**TASK TO COMPLETE**
Scan the entries for the word "Jacket" and return every line that has it.

(Stored data entries)
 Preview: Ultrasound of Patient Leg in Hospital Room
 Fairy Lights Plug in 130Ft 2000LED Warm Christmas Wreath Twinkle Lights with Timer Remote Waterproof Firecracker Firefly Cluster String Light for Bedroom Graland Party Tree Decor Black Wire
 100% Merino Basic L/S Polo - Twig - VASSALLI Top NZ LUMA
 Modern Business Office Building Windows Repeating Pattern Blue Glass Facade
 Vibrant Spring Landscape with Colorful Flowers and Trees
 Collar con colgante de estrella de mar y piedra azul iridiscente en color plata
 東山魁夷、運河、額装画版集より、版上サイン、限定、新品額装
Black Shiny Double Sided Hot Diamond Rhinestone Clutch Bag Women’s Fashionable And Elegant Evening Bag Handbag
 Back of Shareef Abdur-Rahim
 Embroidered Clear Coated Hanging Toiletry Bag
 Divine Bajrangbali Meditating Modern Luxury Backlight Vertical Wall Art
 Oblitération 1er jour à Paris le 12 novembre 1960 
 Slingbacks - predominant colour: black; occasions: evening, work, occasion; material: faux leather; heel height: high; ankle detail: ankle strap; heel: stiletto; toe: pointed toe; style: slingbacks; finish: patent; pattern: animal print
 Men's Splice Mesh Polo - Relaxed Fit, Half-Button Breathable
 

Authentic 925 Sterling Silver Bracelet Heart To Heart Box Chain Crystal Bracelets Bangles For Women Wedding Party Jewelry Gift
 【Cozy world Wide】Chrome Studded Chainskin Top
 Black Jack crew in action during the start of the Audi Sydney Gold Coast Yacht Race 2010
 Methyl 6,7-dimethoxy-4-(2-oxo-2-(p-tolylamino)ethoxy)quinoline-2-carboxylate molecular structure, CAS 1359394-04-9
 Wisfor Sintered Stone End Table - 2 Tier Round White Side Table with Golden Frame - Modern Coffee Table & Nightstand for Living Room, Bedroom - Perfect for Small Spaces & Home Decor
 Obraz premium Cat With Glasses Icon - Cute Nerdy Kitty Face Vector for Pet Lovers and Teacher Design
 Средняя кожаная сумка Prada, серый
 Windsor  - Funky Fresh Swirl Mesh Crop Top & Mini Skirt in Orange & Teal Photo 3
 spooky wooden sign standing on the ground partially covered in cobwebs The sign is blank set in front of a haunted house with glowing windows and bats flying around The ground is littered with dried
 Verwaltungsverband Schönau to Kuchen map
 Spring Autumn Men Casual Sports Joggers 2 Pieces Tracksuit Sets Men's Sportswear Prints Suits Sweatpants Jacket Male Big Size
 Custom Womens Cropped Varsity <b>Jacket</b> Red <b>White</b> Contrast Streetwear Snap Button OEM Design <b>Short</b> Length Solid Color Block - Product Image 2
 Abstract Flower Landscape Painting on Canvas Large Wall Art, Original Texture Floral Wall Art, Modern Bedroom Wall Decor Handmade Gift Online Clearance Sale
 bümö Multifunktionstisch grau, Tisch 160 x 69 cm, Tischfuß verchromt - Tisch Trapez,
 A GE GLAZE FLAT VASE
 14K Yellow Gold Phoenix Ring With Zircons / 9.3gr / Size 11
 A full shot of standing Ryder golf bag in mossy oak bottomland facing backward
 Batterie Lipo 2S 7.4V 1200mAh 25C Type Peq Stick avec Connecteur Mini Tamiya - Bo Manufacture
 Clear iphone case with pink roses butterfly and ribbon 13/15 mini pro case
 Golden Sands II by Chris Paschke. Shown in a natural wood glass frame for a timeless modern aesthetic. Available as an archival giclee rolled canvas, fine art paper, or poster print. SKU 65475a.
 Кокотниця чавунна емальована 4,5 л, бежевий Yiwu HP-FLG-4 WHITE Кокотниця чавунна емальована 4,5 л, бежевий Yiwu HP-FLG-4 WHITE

**RESPONSE TO THIS EXERCISE**
 Spring Autumn Men Casual Sports Joggers 2 Pieces Tracksuit Sets Men's Sportswear Prints Suits Sweatpants Jacket Male Big Size
 Custom Womens Cropped Varsity <b>Jacket</b> Red <b>White</b> Contrast Streetwear Snap Button OEM Design <b>Short</b> Length Solid Color Block - Product Image 2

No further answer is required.